Most filmmakers want their movie's title to show a deeper insight than the first glance reveals. It is a reasonable conceit. After all, it is no small accomplishment to immerse yourself into a project for months on end, even if it's done mostly on autopilot. This title, though, is insightful to an almost prophetic degree, as you'd be able to tell within the first half hour of watching the unstoppable downward spiral that is Ice Age: Collision Course.
It begins, as usual, the way the last film ends - with Scrat the saber-tooth squirrel's primeval chase after the elusive acorn. The last time that happened, it led to the Earth's crust splitting to lead it to the next level of its development. This time, though, the effects reach further from the planet, as Scrat ends up on a flying saucer that takes it into space, where it inadvertently sets a bunch of asteroids on a collision course with Earth.
And so we find Manny (Ray Romano) the woolly mammoth and his motley pack trying frantically to evade yet another extinction event that spirals quickly out of control while they also try to deal with the smaller problems that come with being alive and sentient. Even as Buck (Simon Pegg) the one-eyed weasel weasels out the secrets of a universe that is constantly trying to kill Earth and its fragile inhabitants, Manny is dealing with father-of-the-bride syndrome while Sid (John Leguizamo) the sloth gets dumped just as he's about to pop The Question.

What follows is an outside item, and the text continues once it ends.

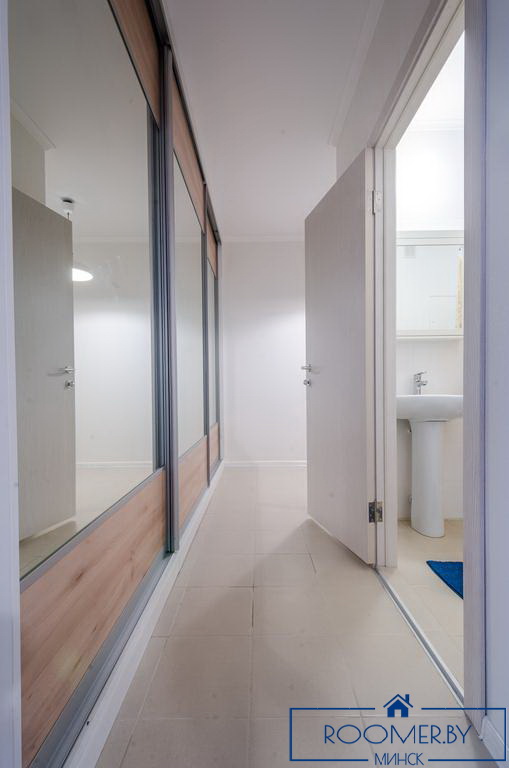 Квартира на сутки в Минске на проспекте Победителей, 43 коридор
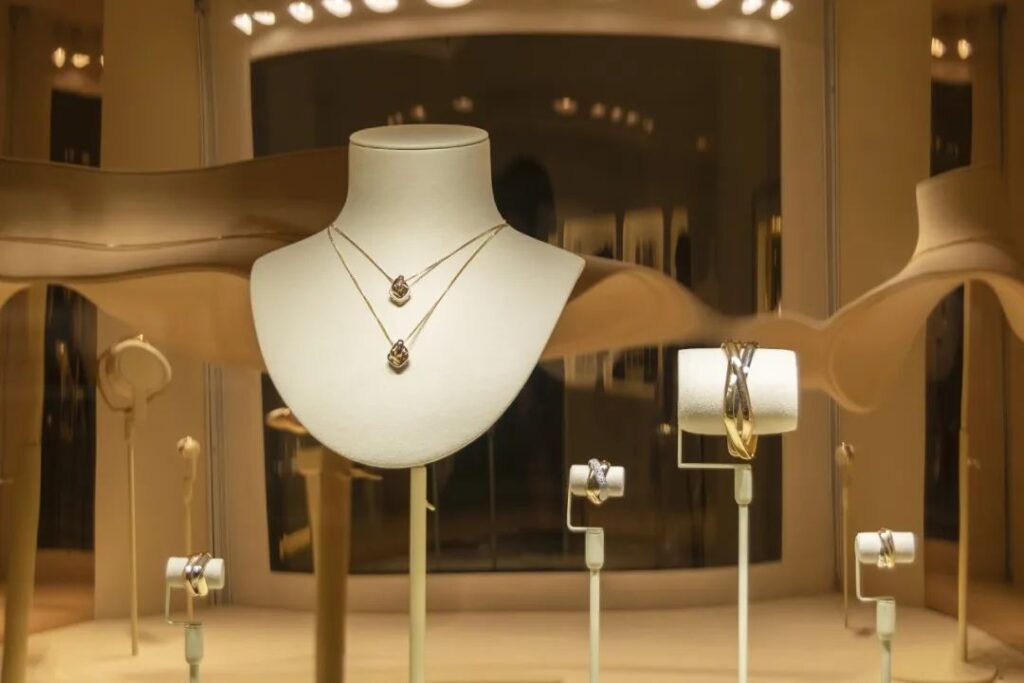 Cartier TRINITY 100 themed exhibition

While the Herd discovers an ancient stone monument that reveals the effects of asteroid collisions and how to deflect them, a pack of appropriately cartoon-villainish flying dinosaurs called Dromaeosaurs decide that their avian capabilities give them adequate protection from threats from the sky, and so go about their clumsy attempts at sabotaging Manny and the Herds' latest quest so all life could be annihilated, leaving Earth their sole dominion.
All of this must seem terribly exciting. After all, we're sure all of you have had at least one potty time existential crisis where you've wondered whether there was any meaning at all. This writer's personal nightmare involves a universe that came into existence because a celestial being sneezed. And it all makes so much sense if everything happened as a chain reaction because that's the most logical conclusion - everything beginning and ending all the time like a never-ending mushroom cloud of happenings that began with a quantum event. To be fair, though, this writer found musings over a Schrodinger universe to be far more fascinating that trying to follow a plot whose execution showed it about as much respect as someone who got their SO's name tattooed after the first snog.
Ice Age: Collision Course is one of those sequels, the kind that seem so very tired that you know the series will either die or go up from there. By this time most of its fans realise that the only real novelty to be found in these films is the premise. Even the draw of the previous films, i. e. the absolutely enchanting cast and moments of sublimated emotion created by their interactions, has devolved into a meaningless mess of inception of caricatures.
While the movie looks and sounds as divine as you'd expect, you can't expect to be drawn into the world with the same ferocity as the previous unless you're about four and this is your first experience with cartoons on a big screen. Mostly, you just find yourself trying to escape your ennui into "what ifs", or try to find some consolation in the infrequent moments of banana-peel humour thrown your way like scraps to alleviate starvation.
To conclude, this writer finds herself unequal to the task of being able to resist the temptation to point out the absolutely self-fulfilling nature of Ice Age: Collision Course.